A love of all things Italian fuelled the Tuscan transformation of this Tasmanian garden
Story: Jonathan Hearn
Photos: Philip Kuruvita
When the owners of this property decided to build a new house on a steep site overlooking Launceston and the Tamar River basin, they wanted the residence and its surrounds to have the feel of a Tuscan villa.
The owners, a couple with two daughters in their early teens, wanted the gardens to be of authentic Italian style but not overly formal. It had to have the look of Tuscany but, in their own words, a relaxed “jeans and T-shirt” feel.
The design brief was extensive and included a tennis court, an outdoor dining area that would accommodate a large stone table they had already purchased, and a new home for Jack Hammer, the girls’ pet lorikeet. Above all, they wanted the house and grounds to have a complete sense of place and be impossible to date. At all costs, we were to avoid anything contemporary that would alert onlooker that the landscape was new.
The property (reached via a winding 700-metre long drive) is sited on a platform cut into a north-facing slope and commands sweeping 180-degree views over Launceston to mountains in the east and down the Tamar Valley basin to the west. The rear of the cut platform is retained by massive rendered retaining walls, while on the northern side a Lonicera (honeysuckle) hedge provides a ‘knife-edge’ to the gardens, with borrowed views of the surrounding natural bush beyond.

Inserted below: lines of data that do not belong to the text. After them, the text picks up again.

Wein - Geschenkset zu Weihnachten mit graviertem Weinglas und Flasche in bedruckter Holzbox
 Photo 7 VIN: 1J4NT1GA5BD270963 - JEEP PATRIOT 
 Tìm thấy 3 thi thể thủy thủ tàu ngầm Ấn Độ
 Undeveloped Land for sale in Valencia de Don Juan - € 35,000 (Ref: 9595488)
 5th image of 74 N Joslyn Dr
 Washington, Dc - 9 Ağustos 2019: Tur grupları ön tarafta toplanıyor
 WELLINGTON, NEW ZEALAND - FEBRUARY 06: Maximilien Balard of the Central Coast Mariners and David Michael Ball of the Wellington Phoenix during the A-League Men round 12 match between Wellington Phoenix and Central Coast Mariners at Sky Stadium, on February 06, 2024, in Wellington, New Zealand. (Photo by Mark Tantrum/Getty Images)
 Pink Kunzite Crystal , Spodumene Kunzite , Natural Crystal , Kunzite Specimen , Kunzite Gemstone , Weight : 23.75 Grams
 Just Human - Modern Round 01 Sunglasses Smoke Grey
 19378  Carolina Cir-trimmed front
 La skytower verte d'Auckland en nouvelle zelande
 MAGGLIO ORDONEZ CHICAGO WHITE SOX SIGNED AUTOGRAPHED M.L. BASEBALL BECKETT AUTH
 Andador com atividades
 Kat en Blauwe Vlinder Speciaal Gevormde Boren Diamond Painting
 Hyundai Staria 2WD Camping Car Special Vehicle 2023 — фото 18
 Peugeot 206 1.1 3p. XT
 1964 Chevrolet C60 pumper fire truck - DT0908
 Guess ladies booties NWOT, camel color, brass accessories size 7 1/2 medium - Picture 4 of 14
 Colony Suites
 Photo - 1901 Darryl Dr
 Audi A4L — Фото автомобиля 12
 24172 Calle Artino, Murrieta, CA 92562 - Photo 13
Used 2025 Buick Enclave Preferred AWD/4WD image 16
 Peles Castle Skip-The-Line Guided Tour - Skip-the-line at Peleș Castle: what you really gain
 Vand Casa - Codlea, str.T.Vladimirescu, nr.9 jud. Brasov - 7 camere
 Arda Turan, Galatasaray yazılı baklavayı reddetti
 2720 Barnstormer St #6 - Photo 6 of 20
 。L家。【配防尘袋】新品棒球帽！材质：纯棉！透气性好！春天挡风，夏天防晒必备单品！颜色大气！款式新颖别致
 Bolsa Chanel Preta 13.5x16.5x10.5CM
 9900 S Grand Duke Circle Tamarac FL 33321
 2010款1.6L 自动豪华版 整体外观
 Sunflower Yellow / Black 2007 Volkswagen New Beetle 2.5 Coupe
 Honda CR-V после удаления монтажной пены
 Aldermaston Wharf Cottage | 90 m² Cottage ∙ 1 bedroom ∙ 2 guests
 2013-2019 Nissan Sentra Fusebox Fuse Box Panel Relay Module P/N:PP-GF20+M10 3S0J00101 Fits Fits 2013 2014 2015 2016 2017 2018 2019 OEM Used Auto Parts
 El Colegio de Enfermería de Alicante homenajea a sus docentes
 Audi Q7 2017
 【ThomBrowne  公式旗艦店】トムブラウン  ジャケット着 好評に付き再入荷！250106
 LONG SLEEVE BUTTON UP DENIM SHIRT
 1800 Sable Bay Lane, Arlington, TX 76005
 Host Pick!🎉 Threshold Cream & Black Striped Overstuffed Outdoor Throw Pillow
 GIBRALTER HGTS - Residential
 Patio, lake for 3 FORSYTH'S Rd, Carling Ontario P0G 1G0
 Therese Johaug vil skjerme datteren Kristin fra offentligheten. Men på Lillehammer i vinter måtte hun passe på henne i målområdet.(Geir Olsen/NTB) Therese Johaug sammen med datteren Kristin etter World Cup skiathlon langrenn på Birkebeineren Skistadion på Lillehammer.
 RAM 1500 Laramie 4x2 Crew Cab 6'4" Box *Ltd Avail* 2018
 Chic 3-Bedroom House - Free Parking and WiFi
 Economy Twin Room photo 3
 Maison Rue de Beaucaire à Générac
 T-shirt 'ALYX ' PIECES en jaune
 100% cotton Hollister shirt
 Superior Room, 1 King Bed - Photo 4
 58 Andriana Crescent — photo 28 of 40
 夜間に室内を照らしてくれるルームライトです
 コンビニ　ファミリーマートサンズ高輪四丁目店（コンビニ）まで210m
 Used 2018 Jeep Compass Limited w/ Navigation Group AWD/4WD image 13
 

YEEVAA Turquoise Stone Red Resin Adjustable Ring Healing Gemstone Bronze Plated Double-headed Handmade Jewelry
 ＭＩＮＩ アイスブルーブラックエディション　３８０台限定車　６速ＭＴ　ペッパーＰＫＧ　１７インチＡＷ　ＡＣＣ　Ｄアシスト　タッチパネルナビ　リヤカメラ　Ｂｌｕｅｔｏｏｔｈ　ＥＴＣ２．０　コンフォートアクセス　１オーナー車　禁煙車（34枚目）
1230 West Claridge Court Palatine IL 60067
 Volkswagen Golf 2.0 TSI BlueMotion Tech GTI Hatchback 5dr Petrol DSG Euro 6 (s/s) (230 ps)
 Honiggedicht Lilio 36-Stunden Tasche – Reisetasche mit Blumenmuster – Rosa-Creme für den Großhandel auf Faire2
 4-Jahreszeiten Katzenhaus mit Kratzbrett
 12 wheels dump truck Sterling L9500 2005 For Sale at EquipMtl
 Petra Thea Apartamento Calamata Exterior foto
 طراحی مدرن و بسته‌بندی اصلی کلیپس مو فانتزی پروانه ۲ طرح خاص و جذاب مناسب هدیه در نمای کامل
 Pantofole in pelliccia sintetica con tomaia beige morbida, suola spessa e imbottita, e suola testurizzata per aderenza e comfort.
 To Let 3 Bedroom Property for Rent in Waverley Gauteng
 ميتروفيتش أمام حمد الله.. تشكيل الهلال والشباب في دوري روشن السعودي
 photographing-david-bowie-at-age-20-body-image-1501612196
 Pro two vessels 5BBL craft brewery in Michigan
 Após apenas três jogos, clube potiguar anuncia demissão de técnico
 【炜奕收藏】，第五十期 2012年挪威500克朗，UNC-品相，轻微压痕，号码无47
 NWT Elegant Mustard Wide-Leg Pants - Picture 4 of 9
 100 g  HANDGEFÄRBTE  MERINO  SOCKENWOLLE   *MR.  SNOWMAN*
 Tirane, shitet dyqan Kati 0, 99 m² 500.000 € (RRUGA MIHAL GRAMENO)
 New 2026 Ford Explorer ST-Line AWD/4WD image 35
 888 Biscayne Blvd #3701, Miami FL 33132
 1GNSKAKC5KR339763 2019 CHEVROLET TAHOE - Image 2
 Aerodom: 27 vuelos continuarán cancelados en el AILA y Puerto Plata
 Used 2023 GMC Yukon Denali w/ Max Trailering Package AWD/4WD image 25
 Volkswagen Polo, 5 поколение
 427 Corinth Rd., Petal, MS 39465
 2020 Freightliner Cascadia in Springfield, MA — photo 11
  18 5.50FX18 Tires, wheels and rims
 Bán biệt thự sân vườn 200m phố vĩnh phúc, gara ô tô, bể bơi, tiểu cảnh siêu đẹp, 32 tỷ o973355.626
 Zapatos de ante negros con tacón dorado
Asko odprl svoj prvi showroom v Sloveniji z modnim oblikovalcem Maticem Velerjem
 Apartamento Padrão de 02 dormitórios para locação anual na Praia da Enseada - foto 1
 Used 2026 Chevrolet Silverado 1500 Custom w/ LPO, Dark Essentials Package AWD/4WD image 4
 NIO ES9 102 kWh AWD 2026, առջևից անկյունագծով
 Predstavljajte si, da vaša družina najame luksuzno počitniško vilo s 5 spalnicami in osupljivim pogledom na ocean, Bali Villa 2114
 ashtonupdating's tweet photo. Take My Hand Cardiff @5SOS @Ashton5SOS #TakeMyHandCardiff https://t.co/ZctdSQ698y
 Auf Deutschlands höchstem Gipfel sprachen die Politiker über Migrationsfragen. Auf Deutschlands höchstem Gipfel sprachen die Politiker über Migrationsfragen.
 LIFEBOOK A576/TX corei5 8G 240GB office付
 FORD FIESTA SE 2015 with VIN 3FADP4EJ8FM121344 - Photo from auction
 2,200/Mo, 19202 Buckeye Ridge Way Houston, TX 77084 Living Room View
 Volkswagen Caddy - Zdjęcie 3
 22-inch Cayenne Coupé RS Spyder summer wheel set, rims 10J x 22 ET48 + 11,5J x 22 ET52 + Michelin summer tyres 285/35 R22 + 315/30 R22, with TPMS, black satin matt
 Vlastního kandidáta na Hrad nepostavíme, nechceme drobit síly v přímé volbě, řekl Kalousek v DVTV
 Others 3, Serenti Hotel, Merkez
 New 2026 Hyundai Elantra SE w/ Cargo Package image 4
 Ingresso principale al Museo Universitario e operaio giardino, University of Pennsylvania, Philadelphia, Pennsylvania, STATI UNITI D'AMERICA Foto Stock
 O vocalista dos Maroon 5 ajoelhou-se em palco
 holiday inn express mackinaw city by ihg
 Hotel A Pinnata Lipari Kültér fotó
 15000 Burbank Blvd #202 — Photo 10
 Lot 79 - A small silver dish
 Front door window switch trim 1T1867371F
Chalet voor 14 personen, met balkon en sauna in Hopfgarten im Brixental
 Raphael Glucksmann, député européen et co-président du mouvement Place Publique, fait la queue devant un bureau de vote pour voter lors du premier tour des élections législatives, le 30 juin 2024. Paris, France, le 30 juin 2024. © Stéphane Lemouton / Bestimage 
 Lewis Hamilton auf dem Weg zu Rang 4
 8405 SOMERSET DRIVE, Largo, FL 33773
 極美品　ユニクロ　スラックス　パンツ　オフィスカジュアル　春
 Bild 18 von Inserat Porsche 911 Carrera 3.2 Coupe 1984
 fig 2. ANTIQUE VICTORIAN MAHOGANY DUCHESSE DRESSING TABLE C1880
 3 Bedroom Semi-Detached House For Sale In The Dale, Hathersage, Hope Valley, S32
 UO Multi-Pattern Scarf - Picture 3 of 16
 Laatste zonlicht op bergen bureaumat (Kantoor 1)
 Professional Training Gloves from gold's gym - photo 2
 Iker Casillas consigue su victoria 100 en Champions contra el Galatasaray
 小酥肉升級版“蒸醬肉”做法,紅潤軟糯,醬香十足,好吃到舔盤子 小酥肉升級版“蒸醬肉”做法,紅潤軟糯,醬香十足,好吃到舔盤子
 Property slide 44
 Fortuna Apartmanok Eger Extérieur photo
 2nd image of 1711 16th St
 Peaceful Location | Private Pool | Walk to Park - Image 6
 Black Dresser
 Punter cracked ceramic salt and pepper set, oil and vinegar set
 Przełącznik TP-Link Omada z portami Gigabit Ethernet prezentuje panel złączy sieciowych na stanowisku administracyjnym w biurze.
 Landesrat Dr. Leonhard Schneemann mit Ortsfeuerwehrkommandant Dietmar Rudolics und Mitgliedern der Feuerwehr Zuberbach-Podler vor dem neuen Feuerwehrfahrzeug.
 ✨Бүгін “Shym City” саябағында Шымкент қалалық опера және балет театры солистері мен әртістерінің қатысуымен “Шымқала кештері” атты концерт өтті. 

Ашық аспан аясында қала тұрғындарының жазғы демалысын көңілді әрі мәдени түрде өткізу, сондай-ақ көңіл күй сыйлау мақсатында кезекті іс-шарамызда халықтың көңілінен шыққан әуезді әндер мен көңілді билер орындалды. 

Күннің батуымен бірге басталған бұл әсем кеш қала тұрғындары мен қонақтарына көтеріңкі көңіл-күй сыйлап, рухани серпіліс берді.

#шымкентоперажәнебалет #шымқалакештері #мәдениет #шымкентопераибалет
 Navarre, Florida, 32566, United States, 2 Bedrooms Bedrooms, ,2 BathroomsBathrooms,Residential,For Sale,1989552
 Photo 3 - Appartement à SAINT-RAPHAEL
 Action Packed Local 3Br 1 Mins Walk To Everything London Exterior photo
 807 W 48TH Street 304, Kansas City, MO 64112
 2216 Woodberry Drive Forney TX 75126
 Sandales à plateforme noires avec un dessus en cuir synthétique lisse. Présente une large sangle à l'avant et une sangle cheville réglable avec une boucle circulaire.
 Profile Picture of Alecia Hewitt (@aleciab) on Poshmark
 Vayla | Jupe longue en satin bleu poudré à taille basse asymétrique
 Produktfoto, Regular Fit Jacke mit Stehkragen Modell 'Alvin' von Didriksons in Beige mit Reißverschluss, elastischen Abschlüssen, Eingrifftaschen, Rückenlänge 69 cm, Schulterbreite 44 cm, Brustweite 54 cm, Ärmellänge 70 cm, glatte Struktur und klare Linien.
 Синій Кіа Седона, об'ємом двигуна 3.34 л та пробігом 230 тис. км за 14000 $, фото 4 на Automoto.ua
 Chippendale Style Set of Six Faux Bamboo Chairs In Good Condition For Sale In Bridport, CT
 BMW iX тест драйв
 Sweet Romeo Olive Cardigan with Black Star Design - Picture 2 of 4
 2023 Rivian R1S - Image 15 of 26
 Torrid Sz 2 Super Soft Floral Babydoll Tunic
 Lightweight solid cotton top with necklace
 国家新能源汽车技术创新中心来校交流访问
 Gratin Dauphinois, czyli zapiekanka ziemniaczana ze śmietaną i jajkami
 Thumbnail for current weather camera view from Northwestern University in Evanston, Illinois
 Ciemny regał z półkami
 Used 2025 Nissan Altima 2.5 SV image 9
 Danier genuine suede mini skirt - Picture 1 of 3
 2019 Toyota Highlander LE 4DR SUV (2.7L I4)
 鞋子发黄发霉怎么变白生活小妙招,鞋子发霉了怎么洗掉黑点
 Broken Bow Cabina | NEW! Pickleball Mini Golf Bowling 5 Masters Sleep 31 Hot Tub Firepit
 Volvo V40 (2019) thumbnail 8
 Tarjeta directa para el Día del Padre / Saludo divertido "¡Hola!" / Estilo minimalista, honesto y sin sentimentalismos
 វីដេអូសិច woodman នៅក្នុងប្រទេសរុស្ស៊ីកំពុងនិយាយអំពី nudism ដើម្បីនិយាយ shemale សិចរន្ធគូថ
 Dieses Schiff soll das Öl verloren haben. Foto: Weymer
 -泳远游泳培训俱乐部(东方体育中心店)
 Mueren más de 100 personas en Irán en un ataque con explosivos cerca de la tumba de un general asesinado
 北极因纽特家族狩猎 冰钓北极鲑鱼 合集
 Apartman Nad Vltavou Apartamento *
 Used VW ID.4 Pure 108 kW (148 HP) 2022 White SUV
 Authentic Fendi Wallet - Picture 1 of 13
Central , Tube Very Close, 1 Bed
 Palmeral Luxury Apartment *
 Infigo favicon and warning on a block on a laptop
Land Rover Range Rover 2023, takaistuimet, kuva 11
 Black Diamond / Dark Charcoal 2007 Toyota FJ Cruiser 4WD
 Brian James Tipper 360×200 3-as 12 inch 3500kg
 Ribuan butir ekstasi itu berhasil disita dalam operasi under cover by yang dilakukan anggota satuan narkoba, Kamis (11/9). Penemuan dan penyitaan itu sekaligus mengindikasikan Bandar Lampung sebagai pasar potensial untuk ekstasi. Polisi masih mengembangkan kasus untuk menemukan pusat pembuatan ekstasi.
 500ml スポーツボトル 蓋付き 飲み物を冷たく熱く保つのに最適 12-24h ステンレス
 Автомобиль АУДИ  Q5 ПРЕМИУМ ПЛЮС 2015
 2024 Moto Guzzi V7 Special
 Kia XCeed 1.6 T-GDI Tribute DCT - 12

The palette of the hard landscape finishes was limited to natural materials and colours that have been used for centuries. The paved areas are of sandstone and clay bricks; the walls of rendered masonry finished with a paint wash. These materials have quickly taken on an aged patina, giving a timeless mellow feel to the house and gardens.
A concession to the modern, an extensive landscape lighting system means the gardens continue to provide interesting views and enjoyment when the sun goes down.
The inner gardens are entered through cast-iron gates, with a brick-paved drive leading to the garages and visitor parking areas. The drive is recessed within matching splay brick kerbs, which provide an elegant method for capturing and recycling surface run-off within the site’s stormwater system.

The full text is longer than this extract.